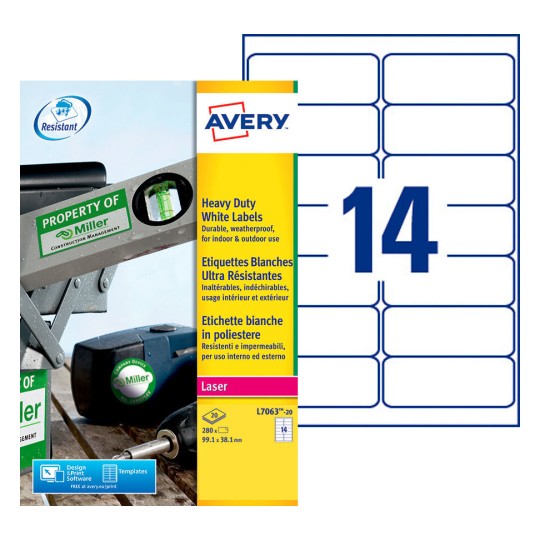 Etiquette ultra-résistante L7063-20 Contenu: 280 Etiquettes / 20 Feuilles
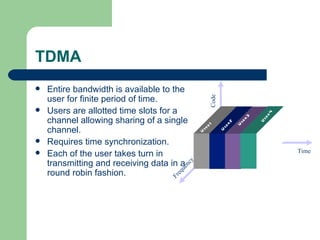TDMA
   Entire bandwidth is available to the
    user for finite period of time.




                                                    Code
   Users are allotted time slots for a




                                                                                  4
                                                                              er
    channel allowing sharing of a single




                                                                         3
                                                                     er


                                                                             Us
                                                                2
                                                    r1




                                                                    Us
                                                            er
    channel.                                    e




                                                           Us
                                             Us

   Requires time synchronization.
                                                                                      Time
   Each of the user takes turn in
    transmitting and receiving data in a

                                        cy
                                        en
    round robin fashion.
                                       u
                                    eq
                                   Fr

● ● ● ● ● ● ●

**WORK ORDER**.
For this exercise, print all of the entries exactly as they appear, but without pictures.

**FINISHED EXERCISE**.
 Etiquette ultra-résistante L7063-20 Contenu: 280 Etiquettes / 20 Feuilles
TDMA
   Entire bandwidth is available to the
    user for finite period of time.




                                                    Code
   Users are allotted time slots for a




                                                                                  4
                                                                              er
    channel allowing sharing of a single




                                                                         3
                                                                     er


                                                                             Us
                                                                2
                                                    r1




                                                                    Us
                                                            er
    channel.                                    e




                                                           Us
                                             Us

   Requires time synchronization.
                                                                                      Time
   Each of the user takes turn in
    transmitting and receiving data in a

                                        cy
                                        en
    round robin fashion.
                                       u
                                    eq
                                   Fr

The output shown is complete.